| WHAT THIS TASK INVOLVES |
Please return the listing below word for word, minus its pictures.

| AVAILABLE DATA |
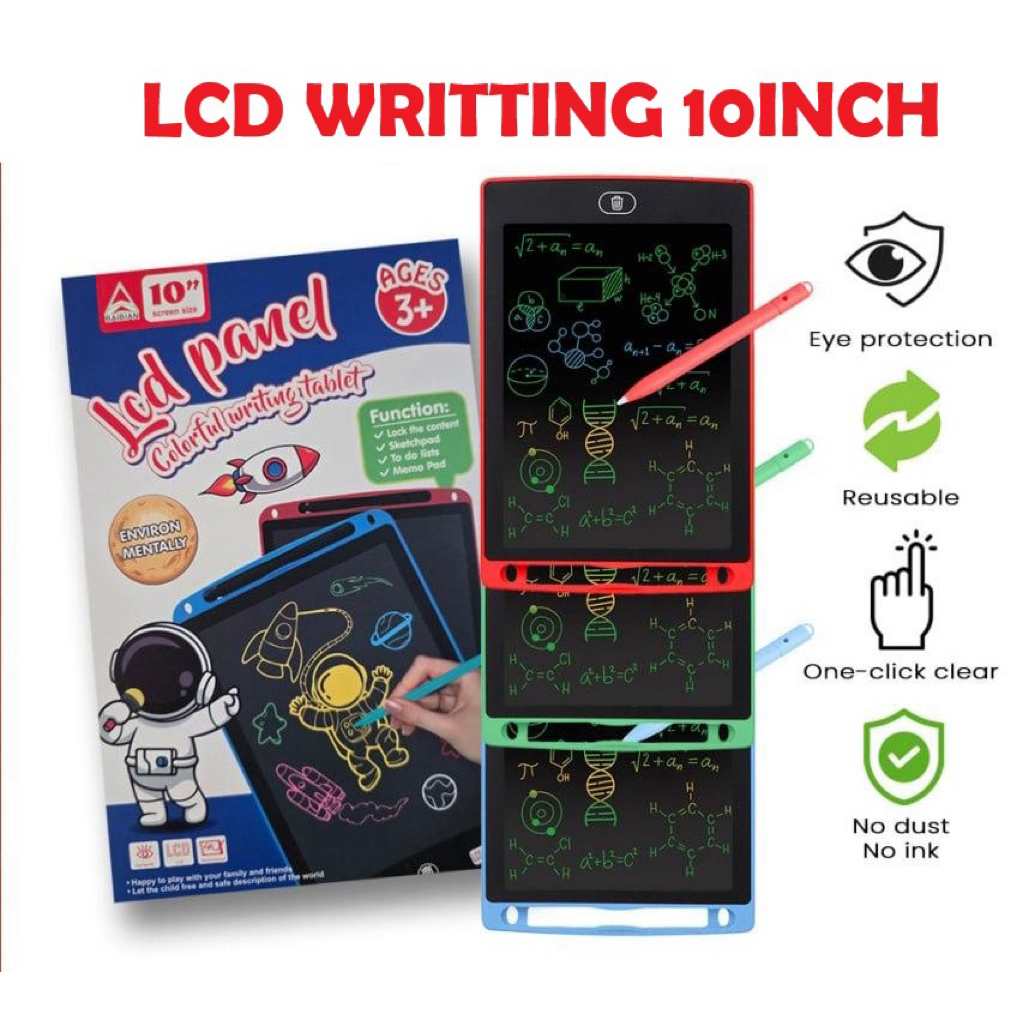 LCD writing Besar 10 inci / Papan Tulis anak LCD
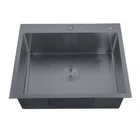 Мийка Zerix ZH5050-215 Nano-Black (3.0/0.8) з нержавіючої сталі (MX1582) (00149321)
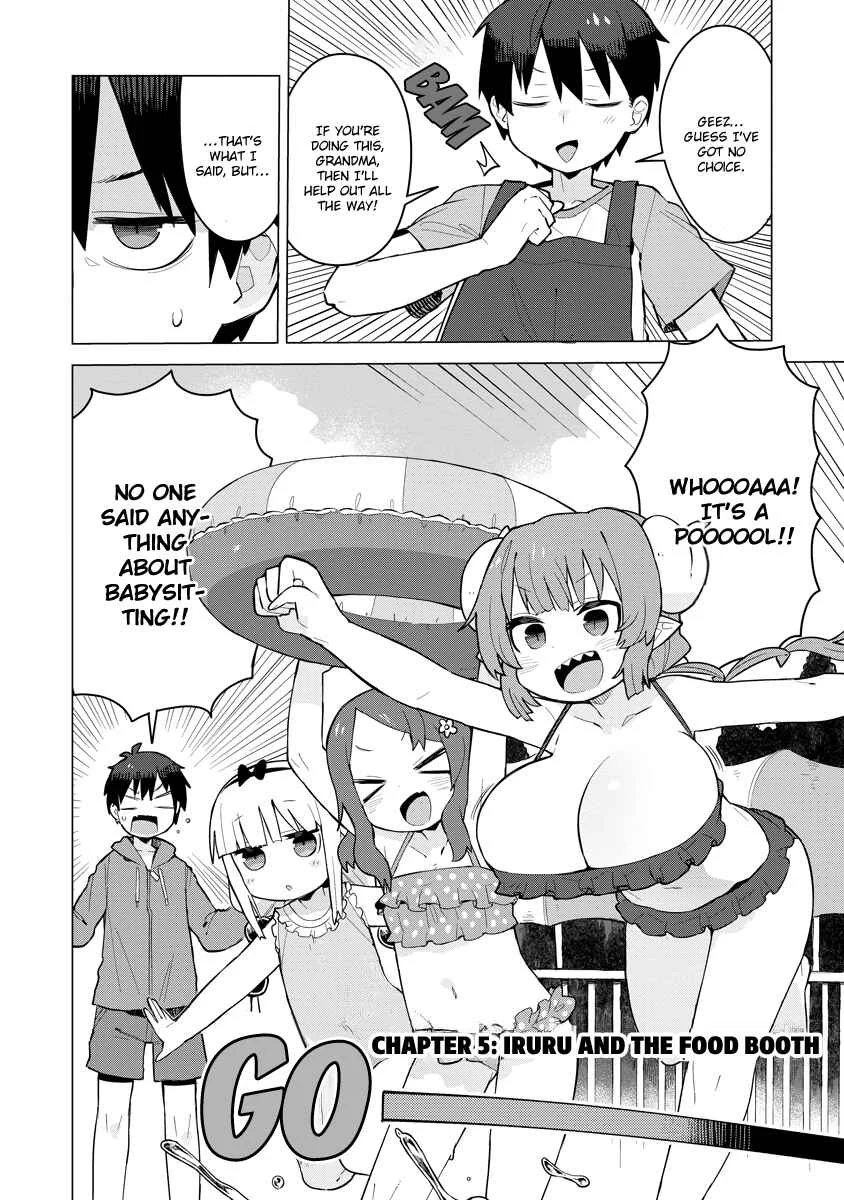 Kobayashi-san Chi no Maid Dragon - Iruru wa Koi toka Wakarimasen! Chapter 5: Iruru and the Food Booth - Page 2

| TASK RESPONSE |
 LCD writing Besar 10 inci / Papan Tulis anak LCD
 Мийка Zerix ZH5050-215 Nano-Black (3.0/0.8) з нержавіючої сталі (MX1582) (00149321)
 Kobayashi-san Chi no Maid Dragon - Iruru wa Koi toka Wakarimasen! Chapter 5: Iruru and the Food Booth - Page 2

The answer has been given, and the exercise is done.